Катя вспомнила, как два месяца назад Гребенкин вставлял здесь стекла. Висели на стенах чудесные снимки Беклина, в полированных рамах из красного дерева; на бледно-зеленой шелковой кушетке сидел грузный болгарин, заведовавший нарядом подвод. Агапов помялся и вышел.
Оратор пришел, которого Катя слушала в клубе. Он бросил на стол фуражку и отер потную голову.
– Ну, народец у вас! Добром дела с ним не сделаешь. Чую, что без молодцов моих не обойдется.
– Не обойдется, – подтвердил Гребенкин. – Хлеба у всех, сколько угодно. Позакопали в землю и прибедняются.
Ханов примирительно возразил:
– Ну, оставь! Кто закопал, а кто и вправду бедный.
– Ты молчи! Кулак! Все родственники тебе, сватья да кумовья. Вот ты их и покрываешь.
– Ах, оставь ты, Сашка!
Катя обратилась к Капралову:
– Пойдемте?
Они вышли. Совсем другой был Капралов, – никогда его Катя таким не видала: светлый, сосредоточенный.
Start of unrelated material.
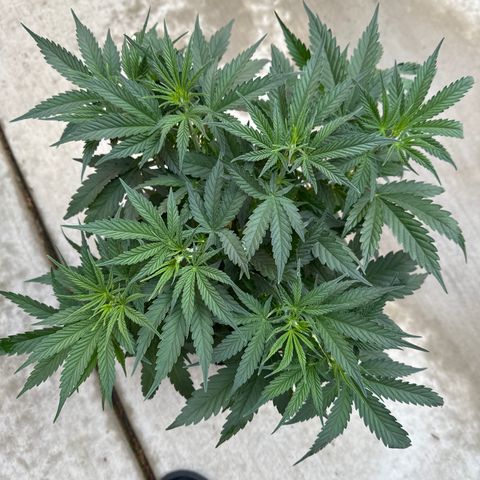 Sour Diesel - ILGM growlog timeline photo
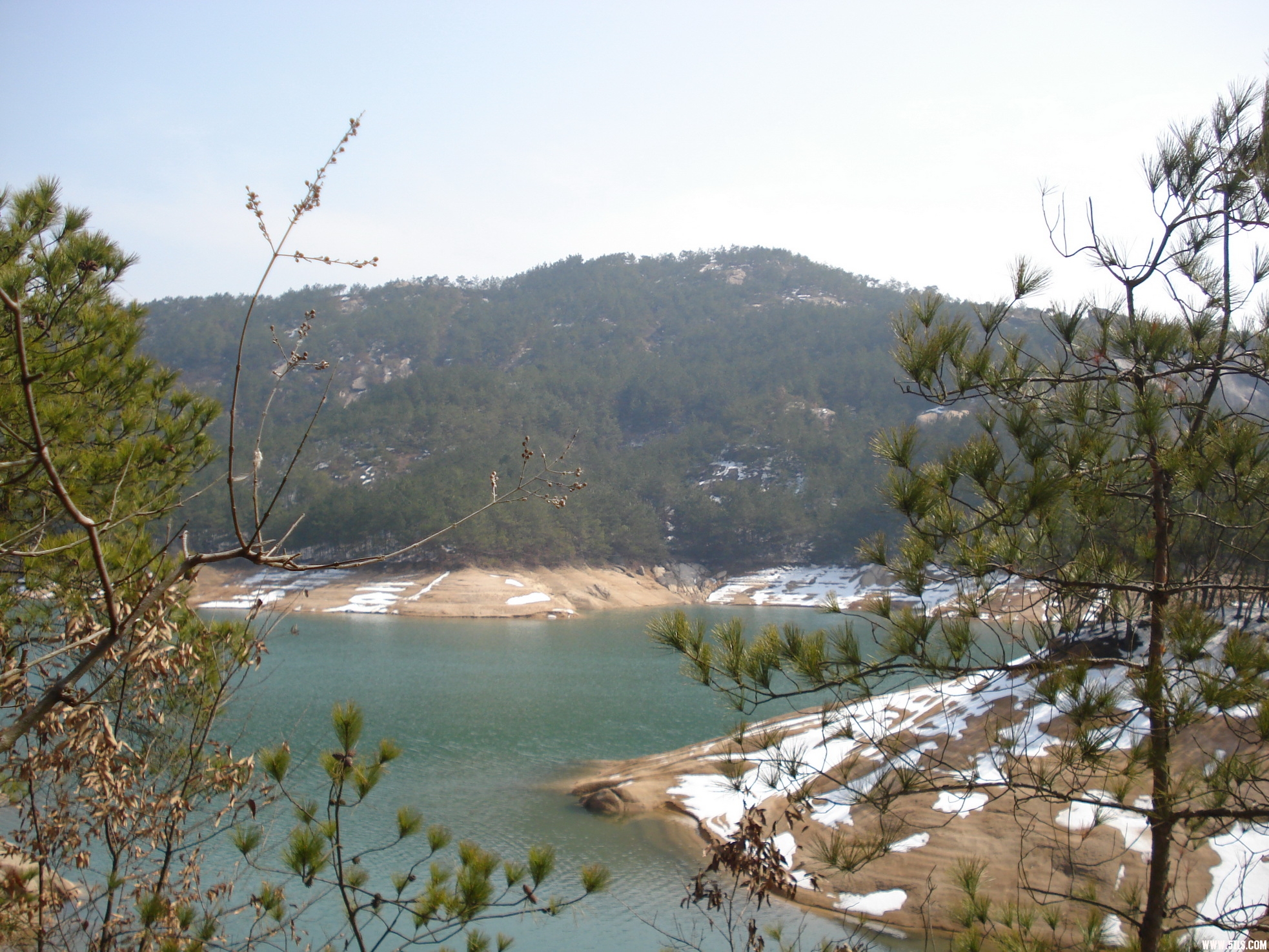 DSC05417-1.jpg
– Я вас не узнаю, Капралов. Какой-то вы совсем новый. Пить вы бросили, что ли?
– Бросил. Не до того.
Пошли в библиотеку, – в ней помещался отдел народного образования. За столом сидела секретарша Отдела и библиотекарша Конкордия Дмитриевна, дочь священника Воздвиженского. Катя подробно стала знакомиться с делами. Был уже открыт клуб, дом ребенка, школа грамоты. Капралов просил устроить присылку из города лекторов по общеобразовательным предметам и режиссера для организации любительских спектаклей.
– Сцену мы уже устроили. Неделю целую я работал, даже будку суфлерскую приделал, – хороша вышла будочка!
И еще сильнее Катю поразили умные, интеллигентные глаза Капралова, при которых странно звучали его простонародные выражения.
Он спросил:
– Как у вас в городе с книгами? Отбирают их у буржуазии?
– Забирают из квартир бежавших. У остальных только регистрируют.
– А как вы скажете? Хочу у дачников отобрать книги, не стану на вас смотреть.
– Вот уж вы какой большевик стали, Капралов. А не противно вам это?
– Чего противно? У дачников вон сколько книг в шкапах, да на этажерках. Лежат без пользы, пылятся. А у нас в библиотеке одна "Нива" да "Вокруг света".
– Вы подумайте, Капралов, кто же тогда станет покупать себе книгу, если ее у него каждую минуту могут отобрать?
– Ну, когда другие времена будут… А сейчас нужно отобрать. Что ж народу читать?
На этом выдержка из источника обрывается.